Pete Malinverni pays tribute to Leonard Bernstein in new Album
Posted January 10, 2022
Pianist Pete Malinverni pays tribute to Leonard Bernstein with his all-star trio featuring bassist Ugonna Okegwo and drummer Jeff Hamilton. The album was selected as one of Jazziz Magazine’s Ten Albums You Need to Know (January 2022).
On the Town – Pete Malinverni Plays Leonard Bernstein, due out January 14, 2022, via Planet Arts Recordings, harkens back to an inspiring “only in New York” meeting between the two passionate musicians.

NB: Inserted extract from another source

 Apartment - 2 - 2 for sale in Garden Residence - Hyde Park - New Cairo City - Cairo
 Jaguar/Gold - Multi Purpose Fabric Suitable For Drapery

Having spent four decades on the New York City jazz scene, pianist Pete Malinverni has crossed paths with countless revered artists and come away with a host of tales to tell. But few moments measure up to the time that Malinverni met the iconic composer/conductor Leonard Bernstein.

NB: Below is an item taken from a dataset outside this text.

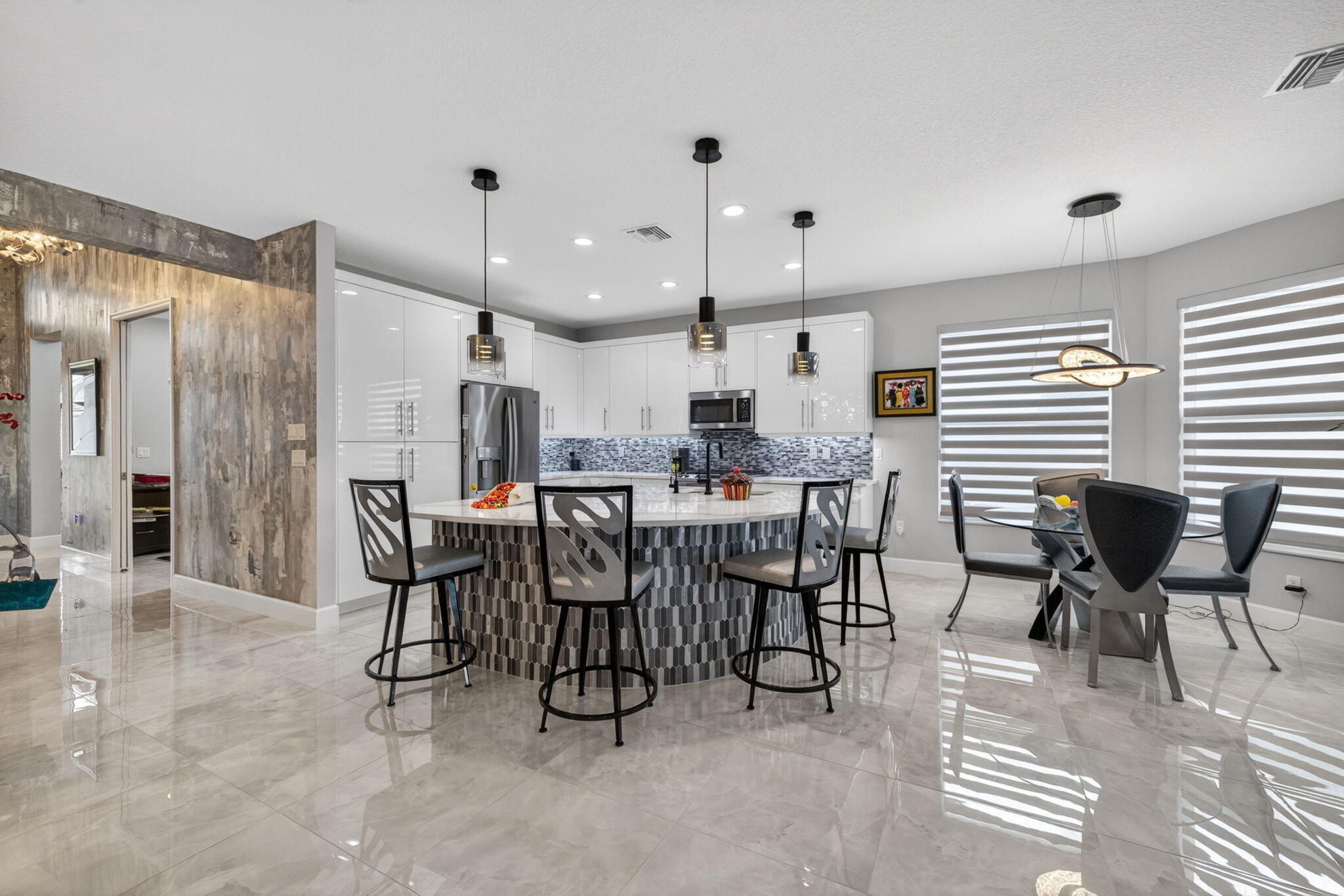 RIVERLAND PARCEL C - PLAT EIGHT - Residential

The seeds planted in that meeting decades ago come to fruition on Malinverni’s stunning new album, On the Town – Pete Malinverni Plays Leonard Bernstein. Due out January 14, 2022 via Planet Arts Recordings, the album reimagines nine Bernstein favorites, along with a new Malinverni original penned in tribute to the composer, for an all-star trio featuring bassist Ugonna Okegwo and drummer Jeff Hamilton.
At the time of that fateful meeting, Malinverni had a steady gig at an upscale restaurant in the city. One night the swanky nightspot was chosen as the site of the opening night cast party for Franco Zeffirelli’s production of “Tosca” at the Metropolitan Opera. As Malinverni played through a selection of arias at the piano, Bernstein walked in, and the young pianist immediately launched into the composer’s “Lucky To Be Me.” Bernstein recognized the homage and, following a trip detour to the men’s room (where a friend of Malinverni’s broke the protocols of polite society and touted the pianist’s virtues), proceeded to spend a considerable portion of the evening hanging around the piano.

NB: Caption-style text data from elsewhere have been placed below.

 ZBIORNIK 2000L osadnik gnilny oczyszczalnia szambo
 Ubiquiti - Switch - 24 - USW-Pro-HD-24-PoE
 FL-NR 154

“Real musicians want to hang out with the band,” Malinverni says, recalling those magical hours.
“Bernstein was this gray eminence I’d see on TV, and I’d listened to his ‘Young People’s Concerts’ in high school. So he was a definite presence in my life even though I’d never met him.”
Malinverni still recalls that encounter – which included introductions to other notables at the party, including legendary songwriters Betty Comden and Adolph Green – as “one of the great moments of my musical life.” To this day he remains touched by Bernstein’s magnetic attraction to musicians of any stature.
“His public image was of a guy who knew his stuff and was super passionate about it. But I found out that night that as passionate as he seemed, he was even more so. When I saw him in the flesh, it was electric. His head poked through the clouds, and the piano somehow seemed a more exalted place then and thereafter.”